2. Description of the Related Art
Conventional technologies for high efficiency DC/DC applications, a Schottky diode are usually added externally in parallel to a semiconductor power device, e.g., a power MOSFET device. FIG. 1A is a circuit diagram that illustrates the implementation of a Schottky with a power MOSFET device. The Schottky diode (SKY) is connected in parallel to the MOSFET device with a parasitic PN body diode to function as a clamping diode to prevent the body diode from turning on. In order to achieve higher speed and efficiency, once the parasitic P/N diode is turned on, both the electron and hole carriers are generated and that would require longer time to eliminate the carriers by electron-hole combination while the Schottky Diode is single carrier, i.e., electron carrier only and that can be drawn simply by the drain Electrode. The requirement for the clamping effect is that the Forward Voltage of the Schottky diode Vf is less than the parasitic PN diode (˜0.7V). As the electronic devices become more miniaturized, there are requirement to integrate the Schottky diode as part of the semiconductor power device as an IC chip to reduce the space occupied by the Schottky diode instead of connecting the Schottky diode as an external electronic component.
FIG. 1B is a cross sectional view of a trenched MOSFET device integrated with trench Schottky diodes as that disclosed by U.S. Pat. No. 6,351,018. The configuration as disclosed in the patented invention has a disadvantage that the Schottky diodes occupy additional space that is about the same space as the MOSFET. The trench Schottky diodes further suffer from a high leakage between the drain and source due to the increase in the phosphorus dopant concentration in the channel region during the sacrificial and gate oxidation processes. Furthermore, the device as shown has a higher capacitance due to the presence of the trench MOS-Schottky structure which has inherent parasitic capacitance from trench sidewall and bottom in trench MOS-Schottky as shown in left side of the cross section view in FIG. 1B.
In U.S. Pat. No. 6,433,396, a trench MOSFET device with a planar Schottky diode is disclosed as that shown in FIG. 1C. The configuration again has an advantage that the planar Schottky diode occupies additional space. Also, the formation process requires additional contact mask for the Schottky diode thus increases the cost and processes complications for producing the MOSFET power device with Schottky diode.
In U.S. Pat. No. 6,998,678 discloses another trench semiconductor arrangement as shown in FIG. 1D with a MOS transistor which has a gate electrode, arranged in a trench running in the vertical direction of a semiconductor body, and a Schottky diode which is connected in parallel with a drain-source path (D-S) and is formed by a Schottky contact between a source electrode and the semiconductor body. Again, the configuration has the same disadvantage that the Schottky diodes occupy additional space thus limiting the further miniaturization of the device. Furthermore, the manufacturing cost is increased due to the requirement that an additional P+ mask is required to form the Schottky diodes.

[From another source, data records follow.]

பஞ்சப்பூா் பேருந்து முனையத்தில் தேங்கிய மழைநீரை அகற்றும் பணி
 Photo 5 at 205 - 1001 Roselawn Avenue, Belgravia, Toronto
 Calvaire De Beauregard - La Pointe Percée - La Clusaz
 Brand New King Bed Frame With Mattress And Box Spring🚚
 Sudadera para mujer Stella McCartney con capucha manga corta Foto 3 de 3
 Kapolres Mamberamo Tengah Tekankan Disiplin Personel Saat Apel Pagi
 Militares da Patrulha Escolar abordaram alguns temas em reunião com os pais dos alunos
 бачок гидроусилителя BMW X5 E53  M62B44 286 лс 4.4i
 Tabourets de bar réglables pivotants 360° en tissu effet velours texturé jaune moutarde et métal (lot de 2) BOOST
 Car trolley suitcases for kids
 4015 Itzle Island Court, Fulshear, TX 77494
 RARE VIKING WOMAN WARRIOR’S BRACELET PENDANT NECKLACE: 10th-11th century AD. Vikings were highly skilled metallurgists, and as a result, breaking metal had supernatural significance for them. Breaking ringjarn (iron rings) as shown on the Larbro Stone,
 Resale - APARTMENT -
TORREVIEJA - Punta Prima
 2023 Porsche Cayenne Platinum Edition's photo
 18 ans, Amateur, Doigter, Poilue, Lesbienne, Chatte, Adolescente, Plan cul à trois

Therefore, there is still a need in the art of the semiconductor device fabrication, particularly for design and fabrication of the trenched power device, to provide a novel cell structure, device configuration and fabrication process that would resolve these difficulties and design limitations. Specifically, it is desirable to provide more integrated semiconductor power devices with embedded Schottky diode that can accomplish space saving and capacitance reduction such that the above discussed technical limitations can be resolved.